Jack Strayer: Privacy no longer exists in America

Published 8:41 am Thursday, June 27, 2013

By Jack Strayer, Speaking from Experience

We have recently learned what official Washington has known for years.
The USA Patriot Act of 2001 secretly created the Foreign Intelligence Surveillance Court and the Privacy and Civil Liberties Oversight Board.
These two ultra-secret organizations work to protect the citizens of the United States from foreign terrorists, while protecting the constitutional rights of all Americans.
From what I can tell, the National Security Agency (NSA), using all sorts of Internet search engines, cell phone servers and social media sites, detects the chatter of menacing forces intent on destroying America.
When the NSA tracks down the sources of this threatening chatter, they contact the Foreign Intelligence Surveillance Court to get permission to go after the terrorists before they can wreak havoc on us.
Then, as far as I can tell, the Privacy and Civil Liberties Oversight Board decides if the surveillance court has enough evidence to find the bad guys and then the NSA stops them in their tracks by sending out the drones to zap the terrorists into oblivion.
According to the U.S. Senate Intelligence Committee, this eavesdropping infrastructure works well and has thwarted major attacks on our national security at least a dozen times.
That’s the good news.
The bad news is that privacy in the United States doesn’t really exist anymore. Our phone calls, e-mails, tweets and electronic posting are all scrutinized.
The confidential sources of the free press are identified and tracked by the FBI. Security cameras film us all the time.
But this loss of privacy seems to be nothing more than collateral damage because it has finally brought bipartisanship back to the U.S. Congress. And so we have gone full circle back to good news.
Sort of.
Whenever you have an infrastructure like this that is complicated and ultra-secret, things fall through the intelligence system’s cracks.
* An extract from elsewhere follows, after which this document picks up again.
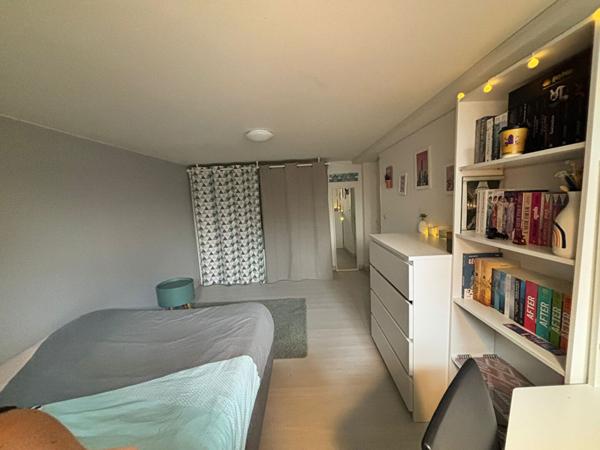 Coup de coeur à Nevers, Quartier Victor Hugo, 4 chambres, rénovée, jardin cosy, climatisation, 2h30 PARIS, commerces à pied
And as we all know, cracks cause leaks, and it’s the leaks that cause political chaos.
The guy that apparently leaked all this secret stuff, Edward Snowden, has fallen through the world-wide surveillance cracks and may leak even more really bad information that may ruin the political careers of many well-meaning people in Washington.
It is therefore safe to assume that the drones are already on their way to plug the leak, if you know what I mean.